COLLECTED DATA.

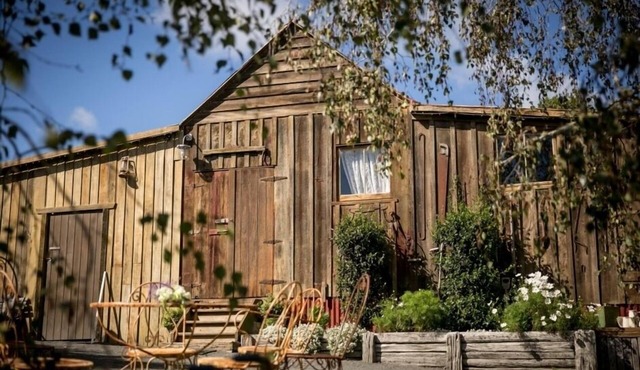 'Boutique Barn' barn accommodation/wedding venue
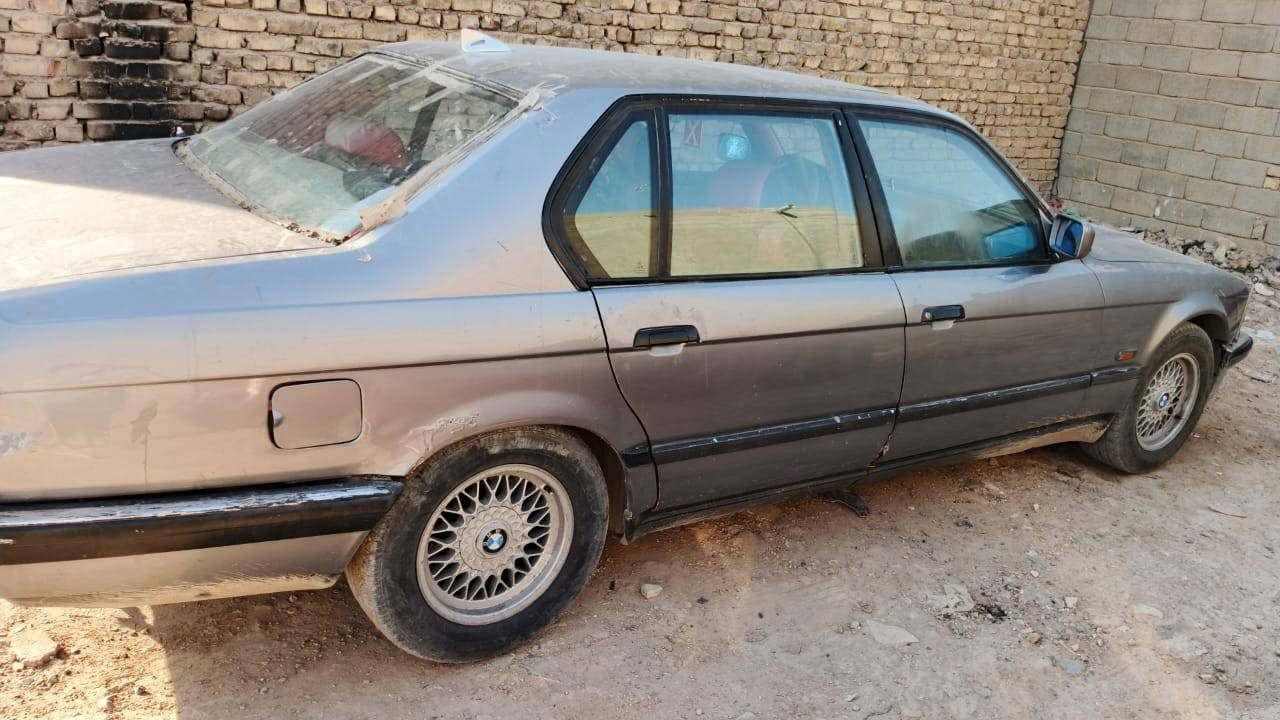 سيارة بي ام 735 رئاسي باب طويل للبيع رقم كربلاء تحويل مباشر عنوان السيارة بغداد| للاستفسار ***********
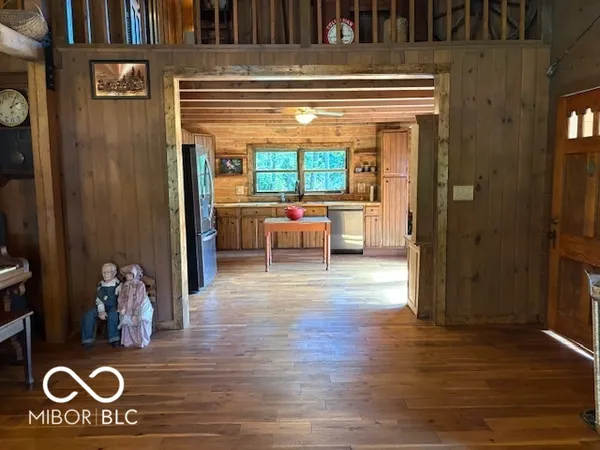 $875,000 | 2532 West County Road 900 South, Cloverdale, IN 46120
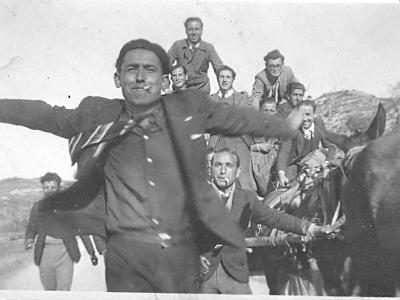 paquebot0004  A PRIMERA FILA EL RAMON CURCÓ, EL PLANTAT DALT DE TOT EL JOSEP MIQUEL I EL DE DAMUNT DE LA MULA ÉS EL VICTOR MIQUEL. EL DEL CIGARRET ÉS EL GERMÀ DE LA CECILIA MATEU EL "CULIN".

TASK ITEM. Hand back every line of the material, exactly, without the pictures.

ANSWER TO THE EXERCISE.
 'Boutique Barn' barn accommodation/wedding venue
 سيارة بي ام 735 رئاسي باب طويل للبيع رقم كربلاء تحويل مباشر عنوان السيارة بغداد| للاستفسار ***********
 $875,000 | 2532 West County Road 900 South, Cloverdale, IN 46120
 paquebot0004  A PRIMERA FILA EL RAMON CURCÓ, EL PLANTAT DALT DE TOT EL JOSEP MIQUEL I EL DE DAMUNT DE LA MULA ÉS EL VICTOR MIQUEL. EL DEL CIGARRET ÉS EL GERMÀ DE LA CECILIA MATEU EL "CULIN".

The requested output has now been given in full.